Provided entries —
= Beginning of Section =

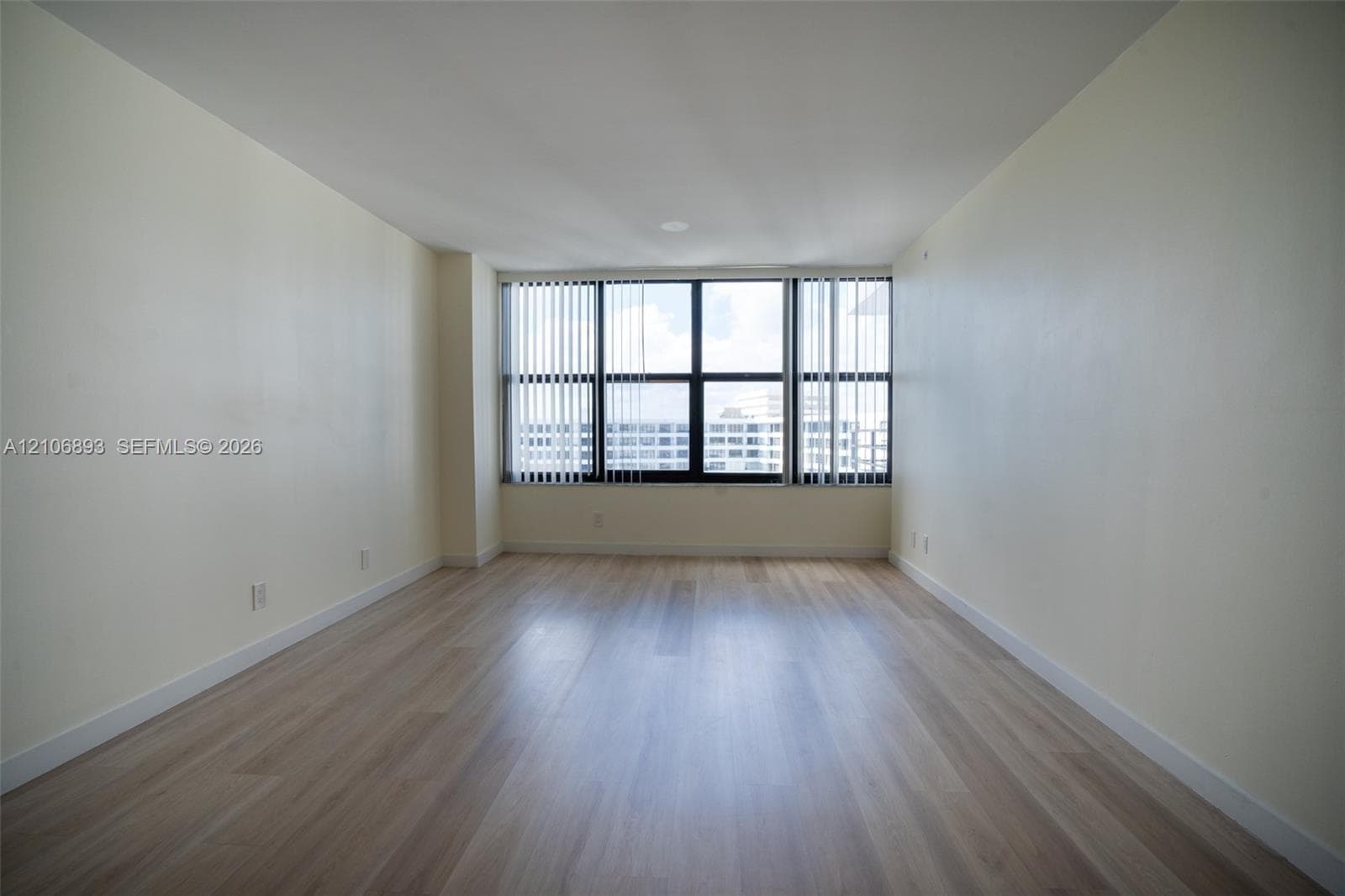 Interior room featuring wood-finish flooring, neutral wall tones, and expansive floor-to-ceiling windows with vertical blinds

= End of Section =
= Beginning of Section =

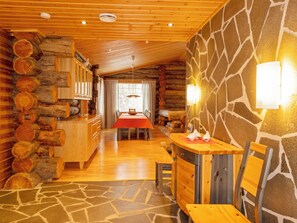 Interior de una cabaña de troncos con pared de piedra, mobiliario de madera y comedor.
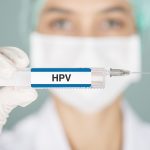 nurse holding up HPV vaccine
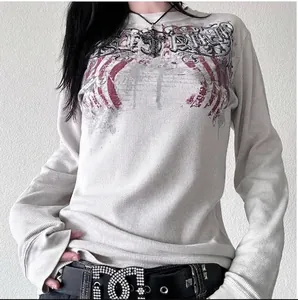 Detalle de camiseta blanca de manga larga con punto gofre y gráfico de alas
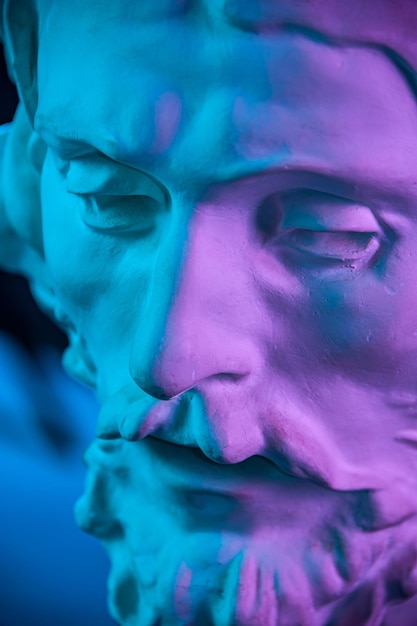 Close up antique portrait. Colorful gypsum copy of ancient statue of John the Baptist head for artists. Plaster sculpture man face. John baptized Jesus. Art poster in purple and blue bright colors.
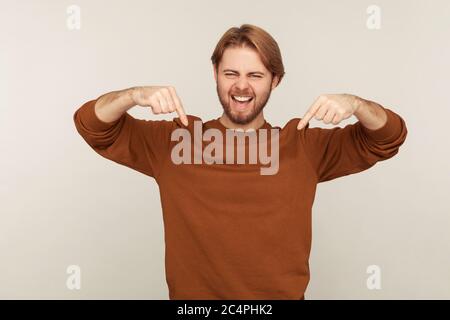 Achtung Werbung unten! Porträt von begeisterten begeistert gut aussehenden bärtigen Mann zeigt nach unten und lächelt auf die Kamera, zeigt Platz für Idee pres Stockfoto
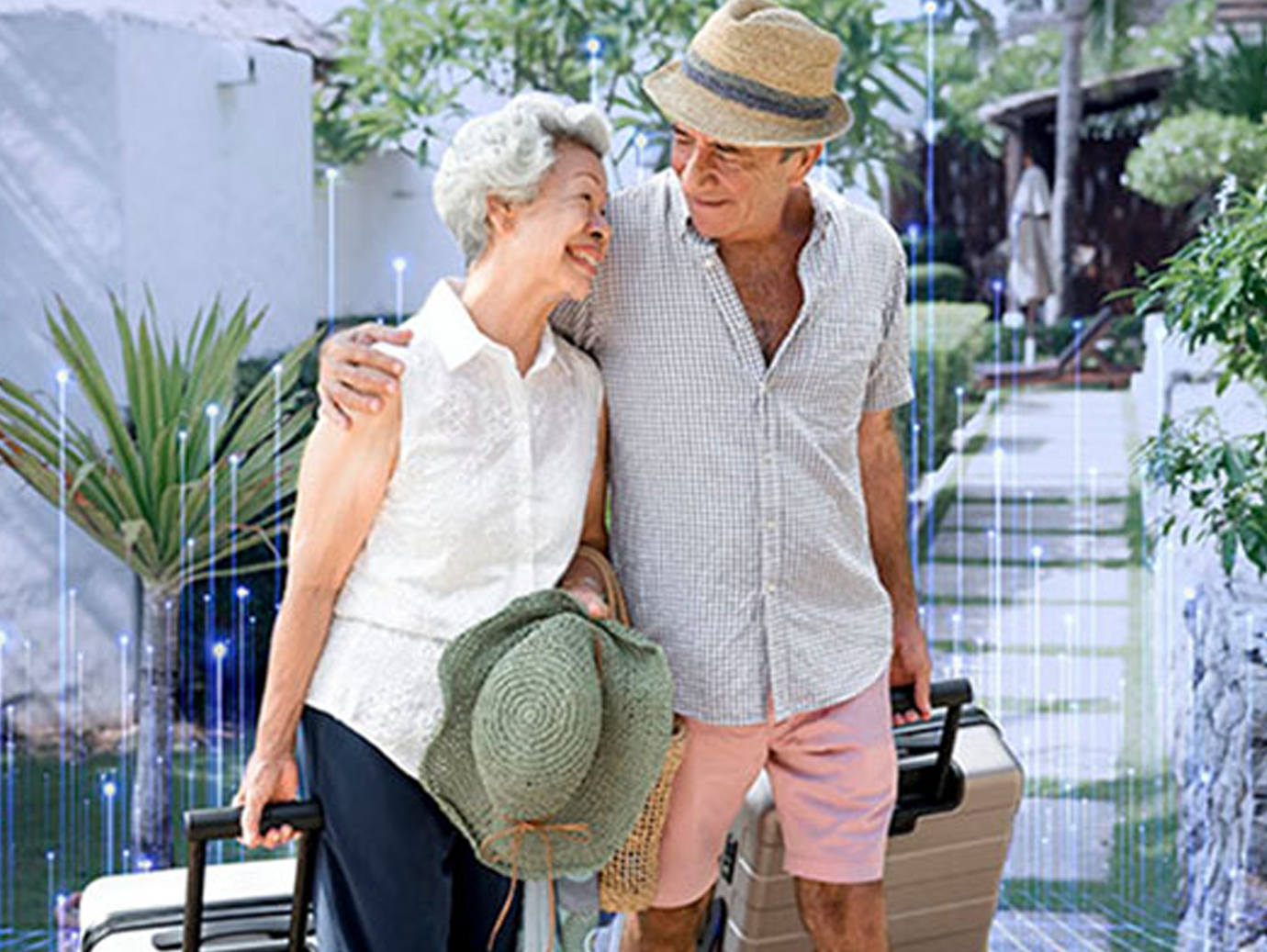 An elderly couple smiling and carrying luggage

= End of Section =

Description of the task —
Using the data above, retype exactly and only the lines from the one containing "Detalle de camiseta" up to and including the one containing "An elderly couple", with no pictures carried over.

Task solution —
 Detalle de camiseta blanca de manga larga con punto gofre y gráfico de alas
 Close up antique portrait. Colorful gypsum copy of ancient statue of John the Baptist head for artists. Plaster sculpture man face. John baptized Jesus. Art poster in purple and blue bright colors.
 Achtung Werbung unten! Porträt von begeisterten begeistert gut aussehenden bärtigen Mann zeigt nach unten und lächelt auf die Kamera, zeigt Platz für Idee pres Stockfoto
 An elderly couple smiling and carrying luggage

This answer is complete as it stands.